Work item: Lines containing the word "άτομα" are to be copied from the data below.

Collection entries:
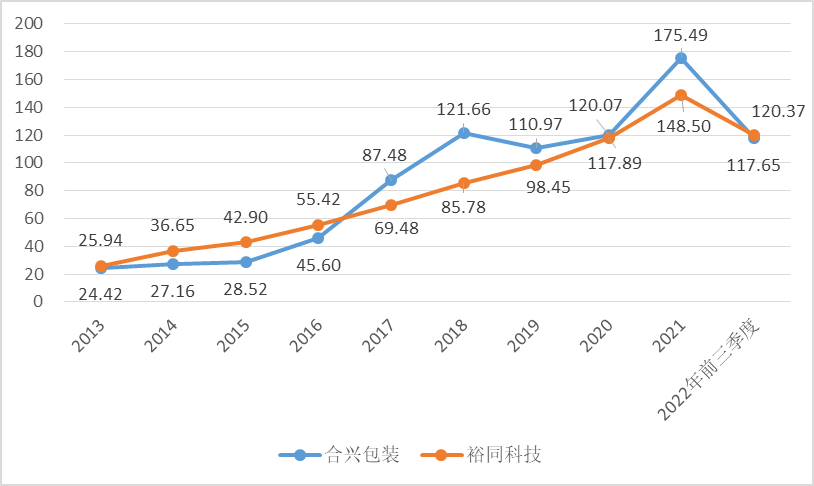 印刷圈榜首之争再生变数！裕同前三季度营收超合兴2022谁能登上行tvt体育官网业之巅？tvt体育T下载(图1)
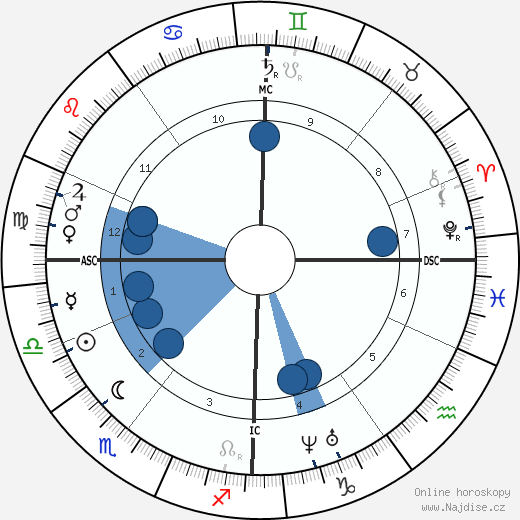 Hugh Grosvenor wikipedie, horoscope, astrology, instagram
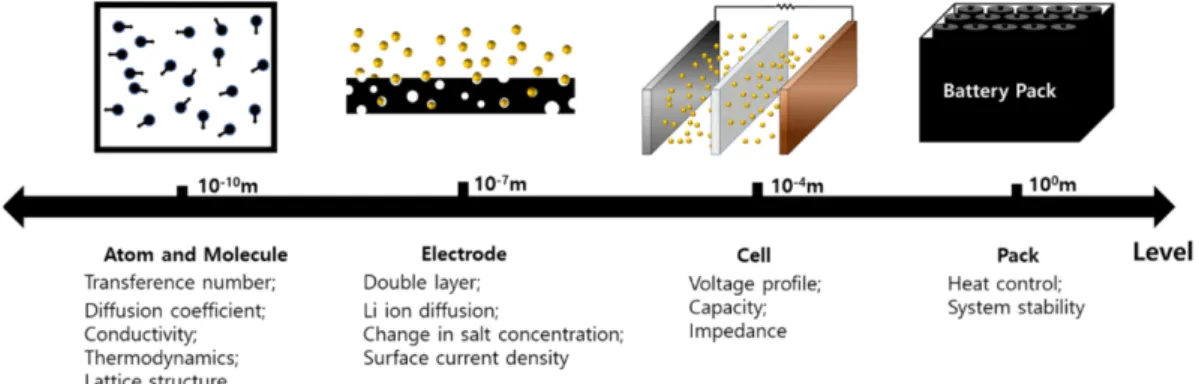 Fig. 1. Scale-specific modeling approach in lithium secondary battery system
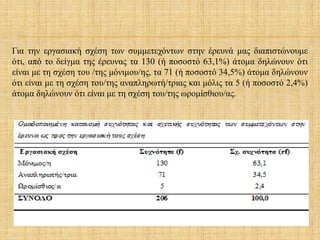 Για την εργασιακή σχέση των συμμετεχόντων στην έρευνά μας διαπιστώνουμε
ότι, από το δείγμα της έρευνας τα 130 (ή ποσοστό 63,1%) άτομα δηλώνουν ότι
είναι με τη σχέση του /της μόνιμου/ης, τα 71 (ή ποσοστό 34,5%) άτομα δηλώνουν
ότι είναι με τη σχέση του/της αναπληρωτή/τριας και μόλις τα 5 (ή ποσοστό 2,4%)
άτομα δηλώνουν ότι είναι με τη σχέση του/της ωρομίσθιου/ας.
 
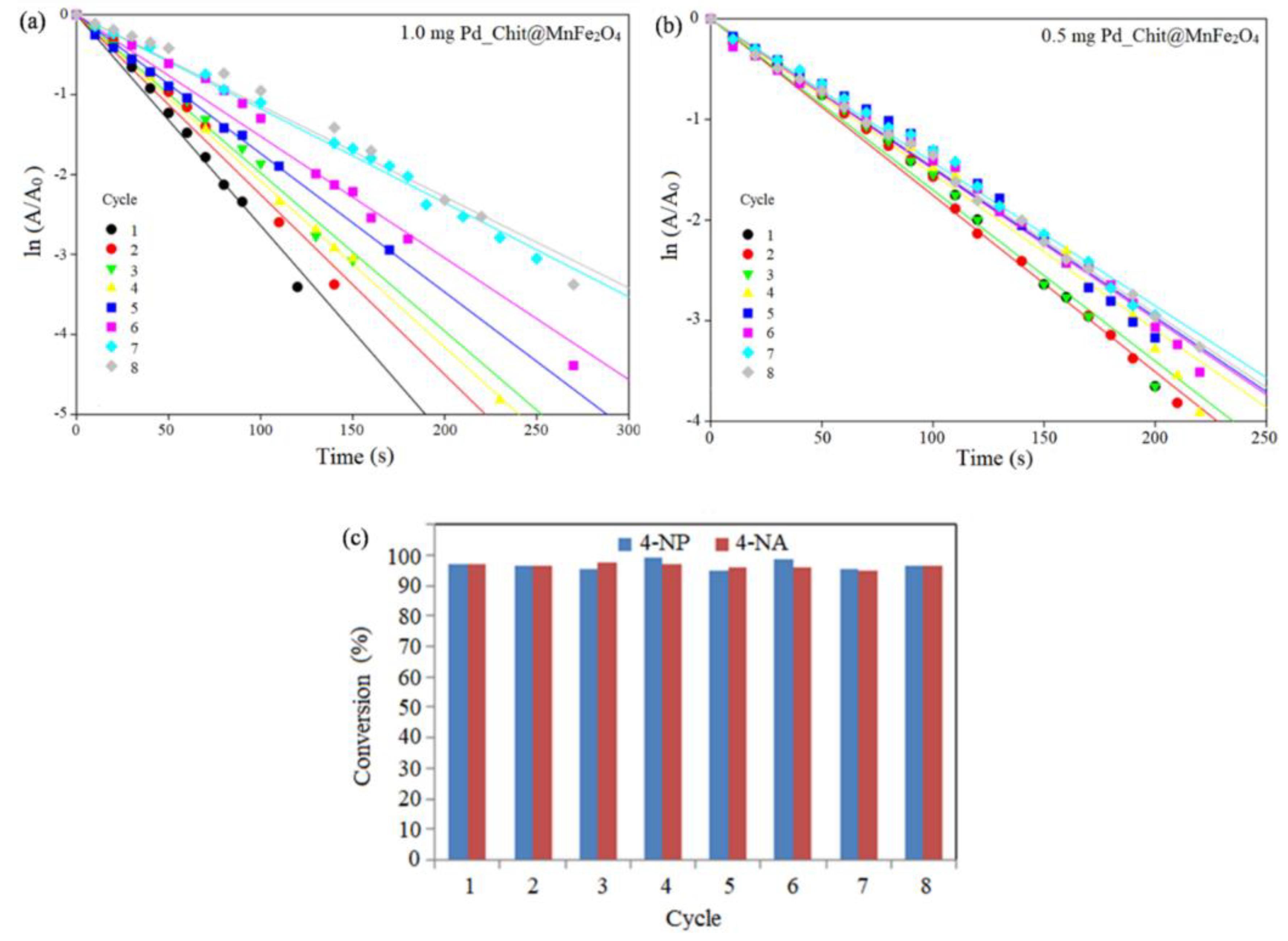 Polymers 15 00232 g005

Written solution:
ότι, από το δείγμα της έρευνας τα 130 (ή ποσοστό 63,1%) άτομα δηλώνουν ότι
είναι με τη σχέση του /της μόνιμου/ης, τα 71 (ή ποσοστό 34,5%) άτομα δηλώνουν
άτομα δηλώνουν ότι είναι με τη σχέση του/της ωρομίσθιου/ας.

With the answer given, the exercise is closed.